Less expensive and nearly as good as the P255, try the Casio Privia pianos. The Casio PX-5S is the top of the line and many prefer it to the Yamaha; it's in a similar class and it's a matter of personal preference. I particularly like the feel of the PX-5S's keys. In addition, it has a pretty full-featured polysynth built into it; a very versatile instrument (but no built-in speakers).
If you'll be using your own sound system rather than built-in speakers, demo them using headphones you're familiar with, which levels the playing field.
If you can find a place to try them, Kawai MP series pianos are highly regarded. Many folks think the MP10 has the best action of any digital (except for ones that have full real grand piano actions).
Except for the PX-5S, the above are good pianos but not that great at other things. They'll have decent simple string sounds, and some have electric piano sounds that are OK, but they're primarily pianos. If you want a wider palette of sounds, let us know.
you say you want to get back into keys. What did you develop your chops on? If it was an acoustic piano (like me) then you may be sensitive to a few characteristics that would not be noticed by others. For example: piano keys are heavier at the bass end than at the treble end of the keyboard.
Many electronic keyboards pivot their keys closer to your fingers than a real piano, so if your thumb is on a black key and your longest finger is on a white key, your finger may be so close to the pivot that you may not succeed in pressing the key during normal playing (if you are used to the way a real piano feels). If your history is electronic keyboards, you may already have adapted to this quirk. All of the Yamaha keyboards I have ever played have been good in this respect, but I absolutely hate the way my M-audio keyboard feels.
The other characteristic I am a bit fussy about is the way a piano key gets a bit harder to press when it is down 80% of the way, and then suddenly lets go during the final 20%. It does not bother me if an electronic keyboard does not mimic this detail, but I do appreciate it when it does.
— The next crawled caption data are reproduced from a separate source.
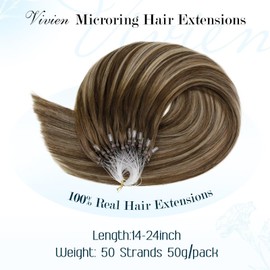 Vivien Micro Ring Extensions, Real Hair, Brown, Balayage, Real Hair Micro Ring Extensions, #4/27/4, Dark Brown, Ombre, Honey Blonde Micro Ring Extensions, Hair Extensions, 50 g, 55 cm, 50 Strands
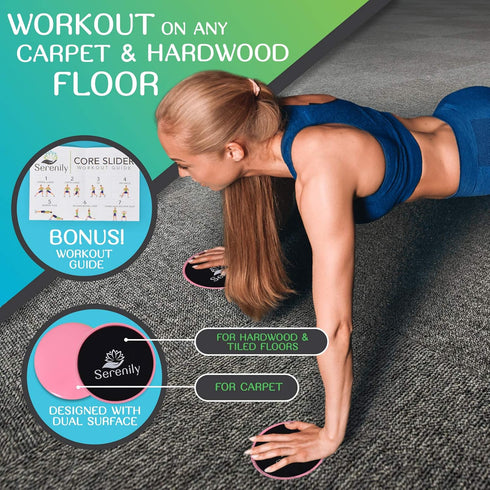 Serenily Sliders for Working Out - Core Exercise Sliders, 2 Dual Sided Gliding Discs For All Floors With Carry Bag & Workout Guide. Abs & Full-Body Fitness Equipment - Compact Slider Set For Home Gym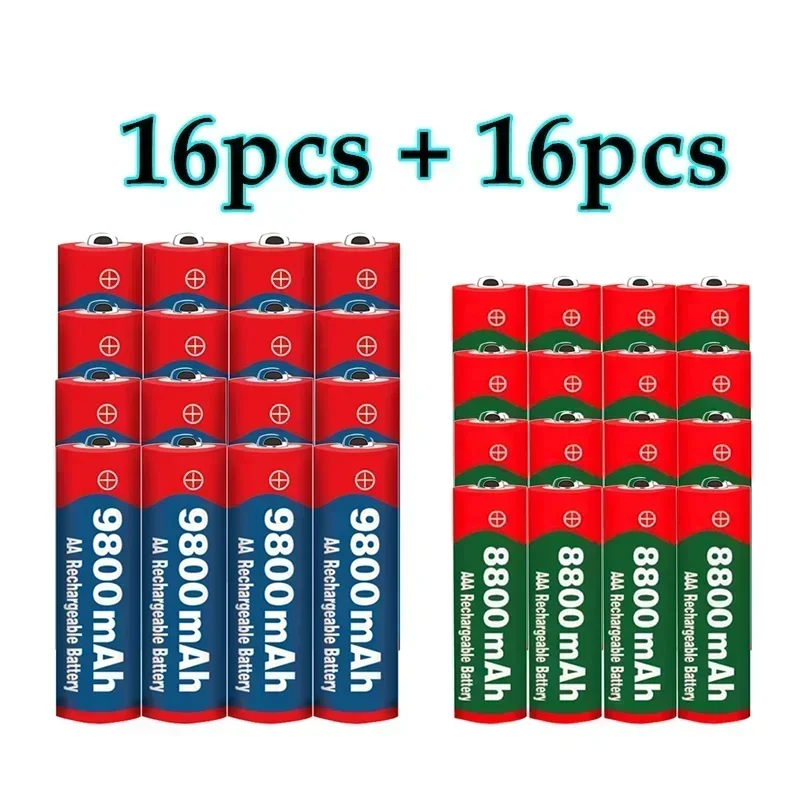 2022แบตเตอรี่แบบชาร์จไฟได้ Alkaline1.5V 1.5V AA 9800 mAh + 1.5V AAA 8800 MAH สำหรับนาฬิกากล้องทอยแบตเตอรี่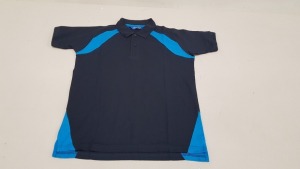 50 X BRAND NEW PAPINI POLO SHIRTS IN NAVY / CYAN SIZE XS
If you suspect you may later become annoyed by such feel aspects, visit the shops and compare the feel of many models to get an idea of what the differences are. If you doubt you will later become annoyed by such trivial issues, then go by sound, MIDI implementation, after-touch capability and whether you need pitch-bend and modulation controls.
Darren "Mac" McDougall
Watch the video on my MIDI Line-Lump that transforms 2-finger keyboard playing into seriously good work. *** WARNING *** Do not operate the Note Toucher BTH1 inside a naked flame or next to a sulfuric acid throwing machine.
Thank you both for your replies - I had given up on getting any feedback. I already bought the Yamaha and for now am quite happy with it. Got a good price. I'll post more as I get more acquainted with it.